The original BBP pi formula is
$$\pi = \sum_{n=0}^\infty \frac1{2^{4n}}\left(\frac{4}{8n+1}-\frac{2}{8n+4}-\frac{1}{8n+5}-\frac{1}{8n+6}\right)$$
Others are:
Order 4. Let $P_k = 4n+k$
$$\pi = \sum_{n=0}^\infty \frac{(-1)^n}{\color{blue}{2^{2n}}}\left(\frac{2}{P_1}+\frac{2}{P_2}+\frac{1}{P_3}\right)$$
Order 8. Let $Q_k = 8n+k$
$$\pi = \frac{1}{2}\sum_{n=0}^\infty \frac1{\color{blue}{2^{4n}}}\left(\frac{2^3}{Q_2}+\frac{4}{Q_3}+\frac{4}{Q_4}-\frac{1}{Q_7}\right)$$
Order 12. Let $R_k = 12n+k$
$$\pi = \frac{1}{2^3}\sum_{n=0}^\infty \frac{(-1)^n}{\color{blue}{2^{6n}}}\left(\frac{2^5}{R_2}+\frac{24}{R_3}+\frac{4}{R_6}+\frac{3}{R_9}+\frac{2}{R_{10}}\right)$$
Order 16. Let $S_k = 16n+k$
$$\pi = \frac{1}{2^5}\sum_{n=0}^\infty \frac{1}{\color{blue}{2^{8n}}}\left(\frac{2^7}{S_2}+\frac{2^6}{S_3}+\frac{2^6}{S_4}-\frac{2^4}{S_7}+\frac{2^3}{S_{10}}+\frac{4}{S_{11}}+\frac{4}{S_{12}}-\frac{1}{S_{15}}\right)$$
Order 20. Let $T_k = 20n+k$
$$\pi = \frac{1}{2^6}\sum_{n=0}^\infty \frac{(-1)^n}{\color{blue}{2^{10n}}}\left(\frac{2^9}{T_2}-\frac{160}{T_5}-\frac{2^7}{T_6}-\frac{2^3}{T_{10}}-\frac{2^3}{T_{14}}-\frac{5}{T_{15}}+\frac{2}{T_{18}}\right)$$
Order 24. (known)
$$\pi = \frac{1}{2^5}\sum_{n=0}^\infty \frac{1}{\color{blue}{2^{12n}}}\left(\sum_{k=1}^{23} \frac{a_k}{24n+k}\right)$$
Order 28. ($\color{red}{unknown}$)
$$\pi = \frac{1}{2^{(?)}}\sum_{n=0}^\infty \frac{(-1)^n}{\color{blue}{2^{14n}}}\left(\sum_{k=1}^{27} \frac{b_k}{28n+k}\right)$$
Order 32. (known)
$$\pi = \frac{1}{2^{12}}\sum_{n=0}^\infty \frac{1}{\color{blue}{2^{16n}}}\left(\sum_{k=1}^{31} \frac{c_k}{32n+k}\right)$$
where $a_k,c_k$ are integers and can be found here.
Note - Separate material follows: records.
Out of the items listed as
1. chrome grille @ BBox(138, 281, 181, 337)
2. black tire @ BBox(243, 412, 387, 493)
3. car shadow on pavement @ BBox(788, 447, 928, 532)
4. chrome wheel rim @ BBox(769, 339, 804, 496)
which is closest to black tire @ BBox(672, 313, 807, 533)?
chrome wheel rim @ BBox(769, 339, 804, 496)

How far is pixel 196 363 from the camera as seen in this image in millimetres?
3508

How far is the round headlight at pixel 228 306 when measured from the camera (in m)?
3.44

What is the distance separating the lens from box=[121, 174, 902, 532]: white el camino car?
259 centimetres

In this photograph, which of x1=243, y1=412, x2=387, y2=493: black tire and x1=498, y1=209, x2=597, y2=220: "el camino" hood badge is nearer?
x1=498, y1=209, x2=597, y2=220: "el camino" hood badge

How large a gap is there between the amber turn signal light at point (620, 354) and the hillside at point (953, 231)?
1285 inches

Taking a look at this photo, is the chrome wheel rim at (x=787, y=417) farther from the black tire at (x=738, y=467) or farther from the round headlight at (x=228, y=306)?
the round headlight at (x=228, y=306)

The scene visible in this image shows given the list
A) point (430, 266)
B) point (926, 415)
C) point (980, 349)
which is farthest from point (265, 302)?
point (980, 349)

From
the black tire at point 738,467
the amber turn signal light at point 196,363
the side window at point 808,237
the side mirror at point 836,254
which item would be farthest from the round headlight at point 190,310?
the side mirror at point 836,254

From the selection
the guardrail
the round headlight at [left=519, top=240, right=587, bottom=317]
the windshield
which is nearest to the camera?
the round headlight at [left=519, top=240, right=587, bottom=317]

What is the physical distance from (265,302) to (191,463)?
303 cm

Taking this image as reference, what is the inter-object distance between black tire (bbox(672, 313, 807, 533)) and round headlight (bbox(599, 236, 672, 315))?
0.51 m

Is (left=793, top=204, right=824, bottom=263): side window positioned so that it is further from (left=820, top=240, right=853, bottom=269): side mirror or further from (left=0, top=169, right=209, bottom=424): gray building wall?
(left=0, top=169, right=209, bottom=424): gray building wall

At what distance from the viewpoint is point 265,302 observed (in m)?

R: However, what (if any) is the sequence of integers $b_k$ such that order 28 is true?
P.S. I tried Mathematica's Integer relations feature but couldn't find any, though I may have used too little decimal precision.